CG57220 - Non-resident companies: basic conditions for TCGA92/S13: the company
Company
TCGA92/S13* applies to gains made by companies which
- are not resident in the UK
and
- would be close companies if they were resident in the UK.
TCGA92/S288(1) provides that for Capital Gains Tax purposes close company has the same meaning as in Chapter 2 of Part 10 of CTA2010. In general a company will be a close company if
- it is under the control of five or fewer participators
or
- it is under the control of participators who are directors.
For further guidance on the definition of close company see CT60060.
Participators
TCGA92/S13* applies to persons who were participators at the time the company made the gain and were also resident or ordinarily resident** in the United Kingdom at that time.
Under TCGA92/S13(12) participator has the same meaning as given by CTA2010/S454.
In relation to any company, a participator is a person having a share or interest in the capital or income of the company including
- any person who possesses, or is entitled to acquire, share capital or voting rights in the company
- any loan creditor of the company
- any person who possesses, or is entitled to acquire, a right to receive or participate in distributions of the company
- any person who is entitled to secure that income or assets (whether present or future) of the company will be applied directly or indirectly for their benefit.
For detailed guidance on the meaning of participator see CT60107 onwards.
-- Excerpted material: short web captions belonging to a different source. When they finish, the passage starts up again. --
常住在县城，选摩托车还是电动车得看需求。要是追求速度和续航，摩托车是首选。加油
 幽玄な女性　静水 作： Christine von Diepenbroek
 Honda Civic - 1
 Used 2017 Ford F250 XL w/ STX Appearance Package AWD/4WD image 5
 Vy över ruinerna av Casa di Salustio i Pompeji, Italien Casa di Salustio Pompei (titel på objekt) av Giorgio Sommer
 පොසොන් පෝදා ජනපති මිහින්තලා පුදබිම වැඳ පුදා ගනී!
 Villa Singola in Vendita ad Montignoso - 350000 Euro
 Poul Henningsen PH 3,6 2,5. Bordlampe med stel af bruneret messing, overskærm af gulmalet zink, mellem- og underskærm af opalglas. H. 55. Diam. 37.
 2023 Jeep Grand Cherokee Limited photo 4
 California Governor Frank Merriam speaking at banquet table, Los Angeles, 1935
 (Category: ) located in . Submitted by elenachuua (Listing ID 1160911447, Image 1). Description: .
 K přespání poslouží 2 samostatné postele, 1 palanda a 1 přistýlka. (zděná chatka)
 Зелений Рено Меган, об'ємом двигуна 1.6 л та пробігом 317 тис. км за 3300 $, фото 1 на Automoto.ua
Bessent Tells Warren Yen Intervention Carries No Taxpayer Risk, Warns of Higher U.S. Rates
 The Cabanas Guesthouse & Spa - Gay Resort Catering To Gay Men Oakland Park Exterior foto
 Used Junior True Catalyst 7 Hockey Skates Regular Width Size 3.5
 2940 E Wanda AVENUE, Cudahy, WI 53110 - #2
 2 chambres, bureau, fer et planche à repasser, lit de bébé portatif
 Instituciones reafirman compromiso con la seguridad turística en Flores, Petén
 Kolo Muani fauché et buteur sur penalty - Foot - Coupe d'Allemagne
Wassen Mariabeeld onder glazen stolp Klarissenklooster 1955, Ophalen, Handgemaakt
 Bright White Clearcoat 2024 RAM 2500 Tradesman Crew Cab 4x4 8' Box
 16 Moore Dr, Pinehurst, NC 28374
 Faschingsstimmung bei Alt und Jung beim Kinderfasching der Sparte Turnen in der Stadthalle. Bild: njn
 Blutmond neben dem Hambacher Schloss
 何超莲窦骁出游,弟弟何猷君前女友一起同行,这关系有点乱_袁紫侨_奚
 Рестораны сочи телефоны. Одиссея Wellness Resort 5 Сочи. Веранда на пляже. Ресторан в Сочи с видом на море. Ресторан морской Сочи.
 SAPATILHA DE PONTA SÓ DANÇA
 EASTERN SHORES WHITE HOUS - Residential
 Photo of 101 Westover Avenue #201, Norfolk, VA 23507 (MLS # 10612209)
So TCGA92/S13 can apply to participators who are
- individuals resident or ordinarily resident** in the UK
- companies resident in the UK
- trustees who are resident or ordinarily resident** in the UK
- trustees who are neither resident nor ordinarily resident** in the UK, see CG57395
- within any of the four categories mentioned above and who have an indirect interest in the non- resident close company making the gain. An indirect interest is a holding of shares or other interest in a company which in turn owns shares of or has an interest in the non- resident closely controlled company, either directly or through one or more closely controlled companies. For guidance on indirect interests, see CG57290.
Beneficiaries
Where the trustees of a settlement, whether resident in the UK or not, are participators in a non-resident company then in certain circumstances a beneficiary of the settlement will also be within the definition of participator. The effect of TCGA92/S13(14) is that once you reach shares or other interests held by trustees, except in the case of a bare trust, see CG34300, you stop there. In deciding how the chargeable gain of the company should be apportioned, you treat the trustees as if they were the beneficial owners of their shares or other interests and apportion the gain to them as appropriate, ignoring the interests of the beneficiaries. If the trustees are resident then their share of the gain is assessed on them. If the trustees are non-resident then the gain is subject to TCGA92/S86 and TCGA92/S87, see CG57395. Any interest as a participator in the non- resident company which the beneficiary holds in their own right, for example by a personal holding of shares in the non-resident company, will remain within Section 13*.
*TCGA92/S13 was re-written for disposals from 6 April 2019 see CG10150.
**For 2013/14 and later years ordinary residence does not need to be considered.
Guidance on the Statutory Residence Test can be found in the RDR3 Guidance Note: Statutory Residence Test (SRT).